Segundo o Instituto Brasileiro de Planejamento Tributário (IBPT), nos últimos 20 anos foram editadas mais de 200 mil normas tributárias no Brasil, o que equivale a mais de 10 mil normas por ano, aproximadamente 30 normas por dia ou 1,25 norma tributária por hora. Como essas proliferações de normas tributárias são de origem federal (maioria), estadual e municipal, cujo alvo é o contribuinte, a única luz que pode clarear os caminhos e facilitar o percurso é uma urgente reforma tributária com justiça fiscal, mas sem burocracia e de forma a simplificar as obrigações e possibilitar uma execução mais dinâmica, permitindo que o contribuinte respire.

O governo precisa arrecadar. É fato. O contribuinte precisa faturar para pagar os tributos. Fato evidente. Portanto, representantes do governo e dos contribuintes precisam se sentar à mesa e acabar com esse injusto sistema fiscal, com essa farra de normas tributárias exaustivamente burocráticas, que enlouquecem a iniciativa privada e todos. O que não pode ocorrer é deputados federais quererem aparecer e criar um monstrengo, que não elimina a farra tributária em cima do consumo e da força de trabalho, mas apenas ameniza essa ou aquela situação particular. Isso, não!

Por conseguinte, como dito antes, uma reforma tributária justa tem que, essencialmente, rever a tributação regressiva, que recai diretamente sobre a população mais pobre e a classe média, passando a incidir de forma progressiva sobre os muito ricos, que nada ou quase nada pagam de impostos no país. Aliás, os bancos precisam estar na mira, pois fazem parte dos que mais lucram.

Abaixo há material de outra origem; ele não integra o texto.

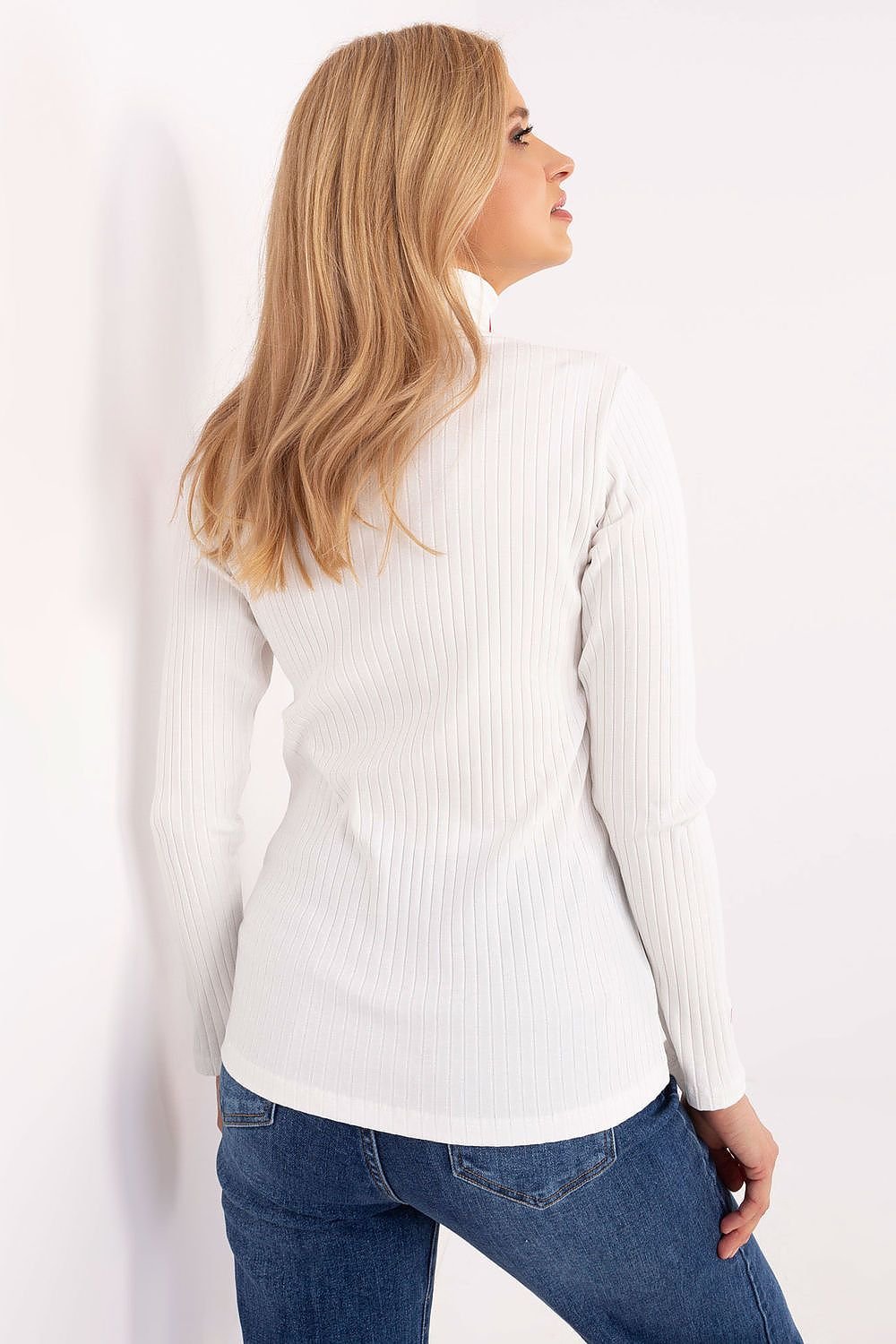 Elegant Turtleneck Sweater Charming Hearts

Entretanto, a PEC 45/2019 não toca nesse ponto, o que permite à sociedade organizada pensar que não se trata de uma reforma tributária, mas de mera tentativa de revisão dos tributos que incidem sobre o consumo da população, que continuará suportando todo o ônus tributário e ficará cada dia mais pobre, diante de governos totalmente desinteressados em fazer justiça fiscal e prestar serviços públicos dignos. Aliás, vale notar e repetir que, se no Brasil existisse uma boa qualidade de serviços públicos, a reclamação contra a tributação não seria tamanha. Mas o país não dá a contrapartida de um serviço público eficiente e de qualidade, que atenda e favoreça os anseios da sociedade.